Poderia ser uma homenagem ao incomparável Zé Bebelo, personagem de Grande sertão: veredas, sujeito capaz de ser corajoso e inteligente ao mesmo tempo, segundo seu amigo Riobaldo. Poderia ser uma declaração pública de admiração pelo maior intelectual vivo do Brasil, o craque do toque sutil e profundo do pensamento, o querido Zé Miguel Wisnik. E haveria muitos outros zés famosos e indiscutíveis a louvar.

Mas, na contracorrente, prefiro fazer o elogio de outro Zé. Um Zé achincalhado, agredido, atacado em prosa e verso no Twitter, Facebook, Whatsapp, jornal, rádio, tevê simples e cabo. Sim, venho aqui fazer o elogio do agora ex-técnico do Clube de Regatas do Flamengo, Zé Ricardo.
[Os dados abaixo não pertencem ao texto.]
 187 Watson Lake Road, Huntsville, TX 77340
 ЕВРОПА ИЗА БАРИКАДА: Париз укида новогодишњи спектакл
Não se trata de um debate sobre futebol. E sim do futebol enquanto mercadoria midiática. O Zé foi notícia quando de repente alçado, quase que por acidente, ao comando do Flamengo. Os bons resultados iniciais fizeram dele quase uma unanimidade, uma “revelação” como se diz no mundo do futebol sem dúvida espelhando um vocabulário religioso. Era como se ele fosse São Zé Ricardo. Mas depois de um tempo isso deixa de ser notícia, perde seu valor.

Então, como se ele fosse de repente o técnico mais experiente do mundo, como se o Flamengo tivesse um elenco parelho ao do Barcelona (à época de Neymar), todos começaram a cobrar dele “resultados”. Boa parte dos discursos é assustadora. Pelo simplismo e pelo conteúdo mercantil. O Flamengo gastou. O Flamengo comprou. Zé Ricardo tem que produzir. Num país onde a mentalidade escravista parece nunca terminar, onde os jogadores ainda são tranquilamente chamados de peças.

26/04/2017- Curitiba- PR, Brasil- Taça libertadores- Atlético-PR x Flamengo na Arena da Baixada Fotos: Gilvan de Souza / Flamengo
O técnico Zé Ricardo quando dirigia o Flamengo. Foto: Gilvan de Souza/Flamengo.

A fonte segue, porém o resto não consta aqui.